Concernant la spécificité des conflits intercommunautaire, il explique que la différence est si l’on prend le sud du pays, les éleveurs quittent le Nord pour aller au Sud et remontent pendant la saison sèche vers le Nord. Il affirme que dans le Ouaddaï, éleveurs et agriculteurs vivent ensemble. Ils sont des parents et se marient entre eux. Selon lui, ils sont habitués à ce mode de vie depuis des siècles. M. Khayar précise que de nos jours, quand ils se battent, ils sont armés.
À la question des armes utilisées dans les conflits intercommunautaires, il souligne que ce sont les réseaux venus de la Libye via Calaïb et les livraisons se font à domicile. « Nous savons qu’il y a des armes qui se vendent au vu et au su de tout le monde. Il y a des réseaux de trafic d’armes. Nous savons qu’il y a des mains d’une autre société qui alimente cela. », dit le conseiller. Il affirme connaître certaines personnes dans ce conflit et que si les autorités veulent, il est prêt à les dénoncer. Pour lui, quand le gouvernement est coincé, il accuse les hommes politiques de la région. L’ancien député du Ouara dénonce cette voie de facilité que le gouvernement empreinte parce qu’il est incapable de trouver de solutions à ces conflits qui gangrènent le pays.
Enfin, il revient et insiste sur la défaillance de l’administration de notre pays. Il fait allusion à la nomination des sous-prêts illettrés, des chefs traditionnels sans moyens conséquents pour mener leur mission. Il a révélé qu’il était sur le terrain pour constater les faits. « J’ai constaté que les gens sont laissés à leur triste sort. J’ai constaté l’absence totale de l’État. Ils sont face à face et chacun se prépare pour attaquer l’autre ». L’ambassadeur de la paix dit avoir pris sa responsabilité pour écrire au gouvernement pour envoyer une mission, mais qu’on a laissé trainer les choser et le pire est arrivé. Le député estime que « si l’on ne fait rien, c’est la haine tribale va s’installer ». Il prend pour responsable les autorités qui traînent les pieds à ce sujet. Il a décidé de déposer un rapport aux autorités sur ce qui se passe dans sa province.
La paix est un choix
Pour l’homme politique, la paix est un choix, il faut amener les citoyens tchadiens qui n’ont pas la volonté de vivre en paix à faire le choix de la paix. Il croit au dialogue national inclusif, mais à son avis, il faut partir au dialogue avec l’esprit de vivre en paix.

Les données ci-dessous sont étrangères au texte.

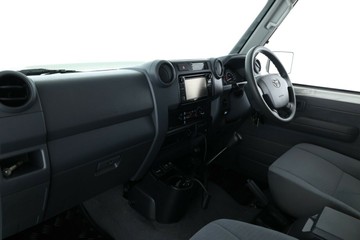 https://vehicle-cdn.autoleague.cloud/31025_61039195_32.jpg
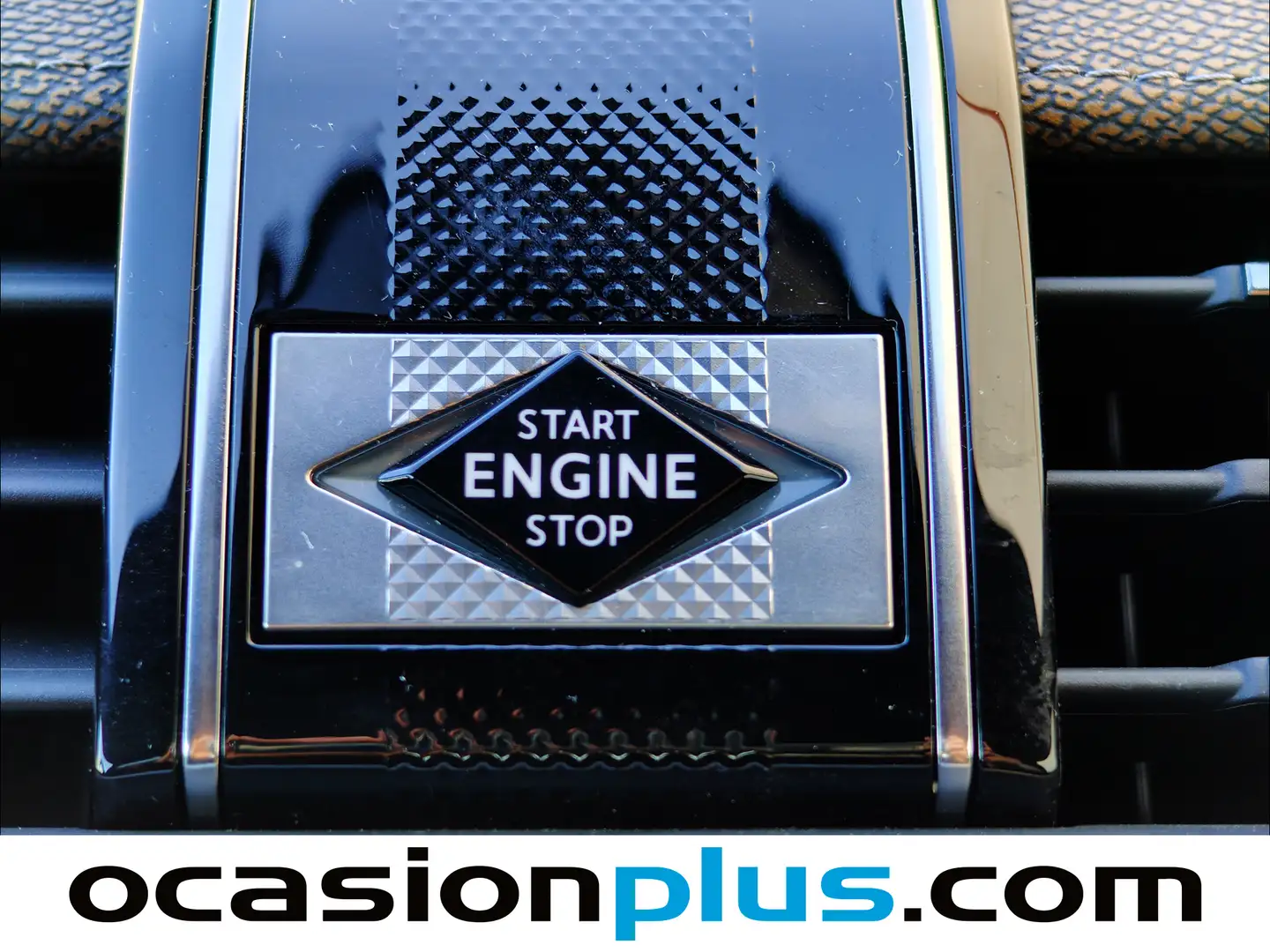 Foto DS DS 7 Crossback DS DS7 Crossback PureTech 130 Bastille+ AT (131 CV)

Il suggère l’envoi d’une mission pour apaiser la tension, recenser les problèmes et proposer des pistes de solutions. Pour le conseiller, il faut une mission mixte et responsable, composée des membres du gouvernement, des Conseillers du Conseil national de transition et des personnes ressources pour aller vers la population pour apaiser les esprits.